*To do*:
What follows is a set of records; give them all back exactly.

*Records shown*:
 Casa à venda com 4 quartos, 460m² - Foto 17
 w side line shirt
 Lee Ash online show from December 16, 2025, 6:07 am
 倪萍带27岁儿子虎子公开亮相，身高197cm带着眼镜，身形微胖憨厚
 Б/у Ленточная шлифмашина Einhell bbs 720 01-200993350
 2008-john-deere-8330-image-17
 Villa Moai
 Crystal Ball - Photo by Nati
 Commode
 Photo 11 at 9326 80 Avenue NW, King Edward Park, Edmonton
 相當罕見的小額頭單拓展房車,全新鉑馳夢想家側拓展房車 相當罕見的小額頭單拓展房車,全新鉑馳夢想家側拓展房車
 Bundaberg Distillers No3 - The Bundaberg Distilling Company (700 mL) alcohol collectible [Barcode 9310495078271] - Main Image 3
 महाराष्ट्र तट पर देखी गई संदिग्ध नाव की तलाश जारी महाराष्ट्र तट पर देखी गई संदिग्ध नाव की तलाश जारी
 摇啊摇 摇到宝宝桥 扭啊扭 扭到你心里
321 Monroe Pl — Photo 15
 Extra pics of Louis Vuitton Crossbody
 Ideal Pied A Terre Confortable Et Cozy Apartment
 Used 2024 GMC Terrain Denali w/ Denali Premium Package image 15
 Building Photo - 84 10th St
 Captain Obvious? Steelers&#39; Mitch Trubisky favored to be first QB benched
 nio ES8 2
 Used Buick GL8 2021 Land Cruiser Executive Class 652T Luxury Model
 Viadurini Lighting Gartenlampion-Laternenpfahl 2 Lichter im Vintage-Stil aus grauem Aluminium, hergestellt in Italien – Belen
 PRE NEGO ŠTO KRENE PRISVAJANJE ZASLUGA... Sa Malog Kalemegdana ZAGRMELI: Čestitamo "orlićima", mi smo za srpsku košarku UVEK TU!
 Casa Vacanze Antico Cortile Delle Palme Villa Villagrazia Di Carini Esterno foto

*Exercise answer*:
 Casa à venda com 4 quartos, 460m² - Foto 17
 w side line shirt
 Lee Ash online show from December 16, 2025, 6:07 am
 倪萍带27岁儿子虎子公开亮相，身高197cm带着眼镜，身形微胖憨厚
 Б/у Ленточная шлифмашина Einhell bbs 720 01-200993350
 2008-john-deere-8330-image-17
 Villa Moai
 Crystal Ball - Photo by Nati
 Commode
 Photo 11 at 9326 80 Avenue NW, King Edward Park, Edmonton
 相當罕見的小額頭單拓展房車,全新鉑馳夢想家側拓展房車 相當罕見的小額頭單拓展房車,全新鉑馳夢想家側拓展房車
 Bundaberg Distillers No3 - The Bundaberg Distilling Company (700 mL) alcohol collectible [Barcode 9310495078271] - Main Image 3
 महाराष्ट्र तट पर देखी गई संदिग्ध नाव की तलाश जारी महाराष्ट्र तट पर देखी गई संदिग्ध नाव की तलाश जारी
 摇啊摇 摇到宝宝桥 扭啊扭 扭到你心里
321 Monroe Pl — Photo 15
 Extra pics of Louis Vuitton Crossbody
 Ideal Pied A Terre Confortable Et Cozy Apartment
 Used 2024 GMC Terrain Denali w/ Denali Premium Package image 15
 Building Photo - 84 10th St
 Captain Obvious? Steelers&#39; Mitch Trubisky favored to be first QB benched
 nio ES8 2
 Used Buick GL8 2021 Land Cruiser Executive Class 652T Luxury Model
 Viadurini Lighting Gartenlampion-Laternenpfahl 2 Lichter im Vintage-Stil aus grauem Aluminium, hergestellt in Italien – Belen
 PRE NEGO ŠTO KRENE PRISVAJANJE ZASLUGA... Sa Malog Kalemegdana ZAGRMELI: Čestitamo "orlićima", mi smo za srpsku košarku UVEK TU!
 Casa Vacanze Antico Cortile Delle Palme Villa Villagrazia Di Carini Esterno foto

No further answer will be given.